Let's define some variables first:
1. $L$ = number of layers
2. $s_l$ = number of neurons (nodes) in the $l_{th}$ layer not counting the bias unit
3. $K$ = number of classes, $S_L = K$
4. $m$ = number of data points (row) in the training set
5. $n$ = number of features (columns in the training sets)

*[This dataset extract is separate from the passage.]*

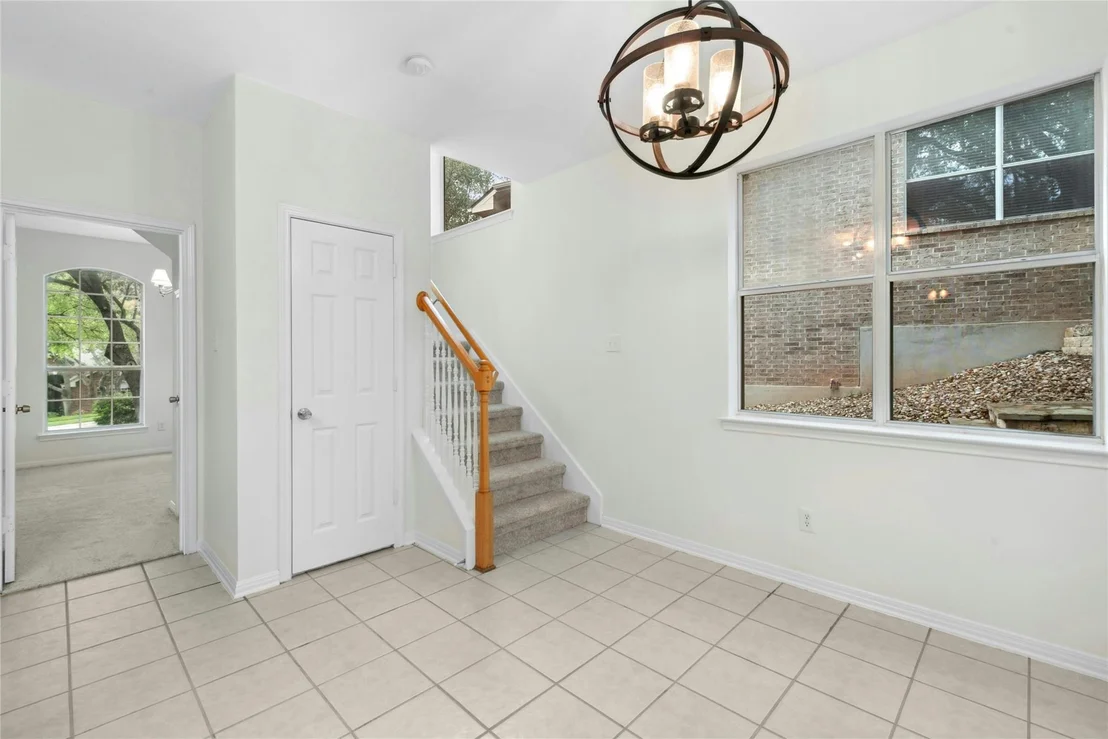 Photo of 4169 Canyon Glen CIR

Second, let's recall the cost function for Logistic Regression:

$J(\theta) = \frac{1}{m}\sum_{i=1}^m(-y^{(i)} log(h^{(i)}(\theta)) - (1-y^{(i)})log(1-h^{(i)}(\theta))) + \frac{\lambda}{2m}\sum_{j=1}^n\theta_j^2$

The cost for the NN is going to be just a more complicated version of the above:

$J(\Theta) = \frac{1}{m}\sum_{i=1}^m \sum_{k=1}^K\big[-y_k^{(i)} log((h_{\Theta}(x^{(i)}))_k) - (1-y_k^{(i)})log(1-(h_{\Theta}(x^{(i)}))_k)\big] + \frac{\lambda}{2m}\sum_{l=1}^{L-1}\sum_{i=1}^{s_l}\sum_{j=1}^{s_l + 1}(\Theta_{i,j}^{(l)})^2$

where $h_{\theta}(x^{(i)})$ is computed as shown in the Figure 2 above, and $K$ = 10 is the total number of possible labels. <br>
Note that $h_{\theta}(x^{(i)})_k = a_k^{(3)}$ is the activation function (output value) of the *k*-th output unit (in the output layer) for the *i*-th training example.

We want to find $\Theta$ to minimize $J(\Theta)$.

To do that, we need to calculate $\nabla J(\Theta)$ w.r.t. (with respect to) to $\Theta$, basically $\frac{\partial J(\Theta)}{\partial \Theta_{i,j}^{(l)}} = D_{i,j}^{(l)}$. <br>
The **backpropagation algorithm** helps us to calculate $D_{i,j}^{(l)}$.

## Backpropagation Algorithm

**NOTE**: we are going to explain how the backpropagation algorithm works taking into account that our Neural Network has **3 layers** (one input layer, one hidden layer and one output layer) where the input layer has **400** units (excluding bias term), the hidden layer has **25** units (excluding bias term) and the output layer has **10** units.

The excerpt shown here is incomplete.